With so many people now being vaccinated research has begun to see if those who are fully vaccinated can still spread the coronavirus.
- Well, there are some good news. More and more Coloradans are getting their vaccines. More than 1 and 1/2 million people have received one COVID shot. Almost a million Coloradans are fully vaccinated as of today. Just about 2.5 million doses have been administered so far. Now, as we move a little bit closer to what we want to get to, which is herd immunity, that means about 70% of the population needs to be vaccinated.
There's still a question that remains. And that question has to do with, even if you get that vaccine, are you still able to pass on COVID to those people around you? Well, Conor McCue spoke to some researchers as CU Boulder today trying to get an answer to that question for us. So, Conor, what did you find out?
CONOR MCCUE: Well, Karen, thousands of Coloradans are getting vaccinated every single day at sites all around the state, including right here at Dick's Sporting Goods Park. What we know right now is these people who get their shots today will be protected against the most severe cases of COVID. But that new trial at CU Boulder will now look to find out whether they can or cannot spread it after getting the vaccine.
CHRIS DESOUZA: You may not get sick. But then the question is, can you then pass that virus on to someone else who has not been vaccinated?
CONOR MCCUE: For the next five months, that question will be the focus of a new nationwide trial involving the Moderna vaccine led by the COVID-19 Prevention Network. 20 universities will take part, including CU Boulder.

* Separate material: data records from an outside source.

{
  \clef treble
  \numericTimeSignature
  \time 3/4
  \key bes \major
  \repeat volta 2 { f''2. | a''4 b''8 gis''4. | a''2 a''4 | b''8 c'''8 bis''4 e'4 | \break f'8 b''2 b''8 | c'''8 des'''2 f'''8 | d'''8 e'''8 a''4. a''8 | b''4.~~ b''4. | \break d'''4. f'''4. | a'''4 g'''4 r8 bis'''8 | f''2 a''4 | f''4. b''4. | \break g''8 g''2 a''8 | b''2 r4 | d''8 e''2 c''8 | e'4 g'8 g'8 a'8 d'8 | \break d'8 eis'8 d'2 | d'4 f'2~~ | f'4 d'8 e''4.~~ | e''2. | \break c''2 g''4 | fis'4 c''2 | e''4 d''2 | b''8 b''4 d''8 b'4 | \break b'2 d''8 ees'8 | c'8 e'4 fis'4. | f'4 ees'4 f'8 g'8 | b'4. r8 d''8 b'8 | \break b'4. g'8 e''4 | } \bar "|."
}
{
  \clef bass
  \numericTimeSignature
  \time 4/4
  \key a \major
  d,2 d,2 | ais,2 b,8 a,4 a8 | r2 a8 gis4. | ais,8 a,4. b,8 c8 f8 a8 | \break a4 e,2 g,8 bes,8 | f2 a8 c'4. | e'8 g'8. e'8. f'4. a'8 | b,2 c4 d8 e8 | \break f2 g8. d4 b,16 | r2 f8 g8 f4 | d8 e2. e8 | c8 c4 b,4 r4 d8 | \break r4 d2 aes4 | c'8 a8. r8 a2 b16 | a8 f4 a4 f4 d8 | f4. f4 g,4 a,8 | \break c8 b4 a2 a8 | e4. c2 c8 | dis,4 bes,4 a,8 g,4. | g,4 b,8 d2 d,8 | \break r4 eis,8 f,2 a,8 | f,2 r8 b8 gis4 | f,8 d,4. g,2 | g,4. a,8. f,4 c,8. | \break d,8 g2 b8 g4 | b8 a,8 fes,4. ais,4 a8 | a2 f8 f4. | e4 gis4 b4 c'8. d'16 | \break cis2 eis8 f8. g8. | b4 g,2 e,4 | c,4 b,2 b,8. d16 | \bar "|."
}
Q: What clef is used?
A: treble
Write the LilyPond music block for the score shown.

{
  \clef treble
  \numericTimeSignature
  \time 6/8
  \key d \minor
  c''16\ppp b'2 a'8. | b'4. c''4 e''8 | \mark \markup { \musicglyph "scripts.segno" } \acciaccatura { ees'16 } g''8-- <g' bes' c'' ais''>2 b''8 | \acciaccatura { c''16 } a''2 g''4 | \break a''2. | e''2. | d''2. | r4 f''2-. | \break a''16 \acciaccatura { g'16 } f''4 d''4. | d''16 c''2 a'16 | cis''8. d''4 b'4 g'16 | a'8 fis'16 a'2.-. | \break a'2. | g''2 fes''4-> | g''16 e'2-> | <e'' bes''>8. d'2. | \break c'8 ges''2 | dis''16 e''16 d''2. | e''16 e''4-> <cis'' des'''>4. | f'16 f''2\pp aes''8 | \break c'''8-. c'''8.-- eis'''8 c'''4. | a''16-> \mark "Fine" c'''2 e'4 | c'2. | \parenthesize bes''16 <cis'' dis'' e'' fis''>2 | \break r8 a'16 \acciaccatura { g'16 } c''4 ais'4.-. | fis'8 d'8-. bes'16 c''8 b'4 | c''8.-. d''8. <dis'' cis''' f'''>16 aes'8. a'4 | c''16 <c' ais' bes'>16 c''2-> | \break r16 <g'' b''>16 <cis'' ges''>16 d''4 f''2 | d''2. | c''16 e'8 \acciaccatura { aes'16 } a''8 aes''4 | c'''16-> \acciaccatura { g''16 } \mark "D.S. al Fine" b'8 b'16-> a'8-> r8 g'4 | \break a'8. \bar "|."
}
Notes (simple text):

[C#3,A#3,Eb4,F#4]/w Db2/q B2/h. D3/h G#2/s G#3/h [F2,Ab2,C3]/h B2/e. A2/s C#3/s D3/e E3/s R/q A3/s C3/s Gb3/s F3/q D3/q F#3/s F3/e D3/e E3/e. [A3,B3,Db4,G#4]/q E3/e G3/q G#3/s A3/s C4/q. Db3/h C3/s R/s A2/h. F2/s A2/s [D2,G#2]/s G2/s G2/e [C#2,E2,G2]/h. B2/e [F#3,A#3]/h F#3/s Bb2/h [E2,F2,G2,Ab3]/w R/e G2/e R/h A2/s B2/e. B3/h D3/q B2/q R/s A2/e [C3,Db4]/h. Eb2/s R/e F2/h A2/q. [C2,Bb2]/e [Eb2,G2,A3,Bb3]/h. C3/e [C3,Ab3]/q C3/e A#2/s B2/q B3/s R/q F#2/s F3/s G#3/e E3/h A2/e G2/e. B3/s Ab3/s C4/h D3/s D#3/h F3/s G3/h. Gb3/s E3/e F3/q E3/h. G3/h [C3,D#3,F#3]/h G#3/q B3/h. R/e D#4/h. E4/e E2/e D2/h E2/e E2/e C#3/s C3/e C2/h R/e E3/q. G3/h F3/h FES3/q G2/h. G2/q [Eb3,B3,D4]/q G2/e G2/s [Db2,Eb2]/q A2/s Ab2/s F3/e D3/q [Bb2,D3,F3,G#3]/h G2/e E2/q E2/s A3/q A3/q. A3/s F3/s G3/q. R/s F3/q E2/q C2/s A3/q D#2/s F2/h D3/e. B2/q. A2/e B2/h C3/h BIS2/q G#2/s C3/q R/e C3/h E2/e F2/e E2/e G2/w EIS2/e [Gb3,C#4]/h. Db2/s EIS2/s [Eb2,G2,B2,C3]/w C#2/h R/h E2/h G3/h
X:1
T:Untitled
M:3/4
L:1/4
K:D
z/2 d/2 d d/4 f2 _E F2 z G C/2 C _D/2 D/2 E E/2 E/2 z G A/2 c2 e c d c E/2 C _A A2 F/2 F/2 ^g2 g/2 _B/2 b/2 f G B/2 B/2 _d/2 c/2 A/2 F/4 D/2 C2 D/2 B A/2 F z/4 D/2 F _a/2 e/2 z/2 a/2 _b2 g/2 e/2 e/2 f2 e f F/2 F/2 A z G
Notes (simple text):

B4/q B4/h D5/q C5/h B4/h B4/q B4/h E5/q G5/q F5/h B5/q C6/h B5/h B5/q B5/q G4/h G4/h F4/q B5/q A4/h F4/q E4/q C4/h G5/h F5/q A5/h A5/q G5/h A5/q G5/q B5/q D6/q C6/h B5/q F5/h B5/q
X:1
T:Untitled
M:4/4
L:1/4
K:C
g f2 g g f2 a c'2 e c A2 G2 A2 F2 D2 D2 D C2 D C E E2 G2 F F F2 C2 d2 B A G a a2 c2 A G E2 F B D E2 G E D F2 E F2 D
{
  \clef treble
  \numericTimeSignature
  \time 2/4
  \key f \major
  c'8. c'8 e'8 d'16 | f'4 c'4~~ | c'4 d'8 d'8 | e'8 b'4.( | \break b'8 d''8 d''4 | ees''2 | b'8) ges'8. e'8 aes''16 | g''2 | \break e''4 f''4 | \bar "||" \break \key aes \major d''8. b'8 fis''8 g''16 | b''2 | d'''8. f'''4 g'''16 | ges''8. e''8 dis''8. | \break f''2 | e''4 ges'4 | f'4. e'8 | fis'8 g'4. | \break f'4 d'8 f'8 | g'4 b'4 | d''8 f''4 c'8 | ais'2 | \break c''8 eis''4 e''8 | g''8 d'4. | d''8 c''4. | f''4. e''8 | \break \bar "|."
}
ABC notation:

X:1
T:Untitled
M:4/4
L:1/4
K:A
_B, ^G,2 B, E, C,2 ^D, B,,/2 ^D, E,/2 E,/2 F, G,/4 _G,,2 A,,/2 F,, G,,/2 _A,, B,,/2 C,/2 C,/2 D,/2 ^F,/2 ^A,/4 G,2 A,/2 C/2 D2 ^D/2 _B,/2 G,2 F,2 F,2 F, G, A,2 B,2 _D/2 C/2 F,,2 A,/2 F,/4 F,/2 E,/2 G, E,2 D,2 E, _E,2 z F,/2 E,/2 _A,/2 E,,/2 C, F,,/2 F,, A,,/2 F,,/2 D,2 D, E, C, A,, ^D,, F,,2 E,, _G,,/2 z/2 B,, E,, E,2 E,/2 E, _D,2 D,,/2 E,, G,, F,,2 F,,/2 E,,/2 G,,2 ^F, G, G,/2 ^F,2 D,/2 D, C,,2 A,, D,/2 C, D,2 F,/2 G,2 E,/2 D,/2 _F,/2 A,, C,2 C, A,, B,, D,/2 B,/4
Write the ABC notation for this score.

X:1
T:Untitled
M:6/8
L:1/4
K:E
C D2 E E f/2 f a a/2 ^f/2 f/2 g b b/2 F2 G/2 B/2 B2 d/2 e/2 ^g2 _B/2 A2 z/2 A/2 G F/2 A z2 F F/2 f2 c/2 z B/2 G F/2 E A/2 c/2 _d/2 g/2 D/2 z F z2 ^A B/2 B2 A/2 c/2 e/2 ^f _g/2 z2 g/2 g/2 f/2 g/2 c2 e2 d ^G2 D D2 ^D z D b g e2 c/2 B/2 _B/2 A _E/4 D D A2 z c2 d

CHRIS DESOUZA: This will be highly applicable, we believe, to other mRNA-based vaccines, such as the Pfizer vaccine.
CONOR MCCUE: Professor Chris DeSouza is co-director of the CU study, which started last Thursday. The goal is to enroll at least 700 students. Olivia Parsons is one of them.
OLIVIA PARSONS: Being fortunate enough to even have this opportunity, I feel like I couldn't pass it up. Because it's impacted so many people me that it just feels right.
CONOR MCCUE: DeSouza says students will get tested twice a week and swab their nostrils every day. If someone tests positive, their close contacts will also be monitored.
CHRIS DESOUZA: If an infection occurs, we can study the kinetics of when that infection occurred and how long it is residing in their nasal passages.
CONOR MCCUE: The study is expected to wrap up this fall or early winter. Its findings could influence decisions on campus and around the country.
CHRIS DESOUZA: The students so far who have enrolled in the study want to be a part of the solution. They want to make a contribution towards providing this type of information.
CONOR MCCUE: Now, D'Souza says 1,000 students, about 1,000 students, have expressed interest in taking part in this trial so far. And in case anyone is wondering, this will not take away vaccines from sites like this one around the state. Each dose is specifically earmarked for research. Live tonight in Commerce City, Conor McCue covering Colorado first.